While we were disappointed by the conduct that led to the FDA's investigation, we are proud of the systematic corrective steps we have taken to upgrade and enhance the quality of our business and manufacturing processes”, Arun Sawhney, CEO of Ranbaxy, said.

As part of the deal Ranbaxy has “committed to further strengthen procedures and policies to ensure data integrity and to comply with current good manufacturing practices”, it said. In 2009 the FDA followed up a warning letter by accusing Ranbaxy of falsifying data and tests at its Paonta Sahib site.

For now the Paonta Sahib plant remains on the FDA’s Application Integrity Policy List. The consent decree still needs to be approved by the United States District Court for the District of Maryland.

Settling up

In a separate move, Ranbaxy has set aside $500m (€380m) to settle the US Department of Justice (DOJ) investigation into alleged forgery of documents. Ranbaxy expects $500m “will be sufficient to resolve all potential civil and criminal liability”.
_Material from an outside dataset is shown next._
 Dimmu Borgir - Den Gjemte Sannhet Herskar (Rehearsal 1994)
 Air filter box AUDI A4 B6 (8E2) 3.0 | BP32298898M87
Earlier reports predicted a settlement of $350m to $400m. In 2010 Ranbaxy posted a profit after tax of $327m and analysts fear a big settlement will eat into company earnings over the next two years.

Daiichi cuts earnings, pay

Ranbaxy’s parent company Daiichi Sankyo halved its forecast following news of the $500m provision. The revision replaces guidance given in July, which itself downgraded earlier expectations, and leaves Daiichi predicting full year net income of $334m.

Daiichi also cut executive pay by between five and 30 per cent over the next six months. As a representative director the pay of Joji Nakayama, CEO of Daiichi, will be cut by 30 per cent.

In June 2008 Daiichi bought a controlling stake in Ranbaxy for $4.6bn; three months later the FDA sent warning letters to the two Indian plants. Shares in Daiichi plummeted following the warning letters and have failed to recover. Shares in Daiichi closed up 2.85 per cent today.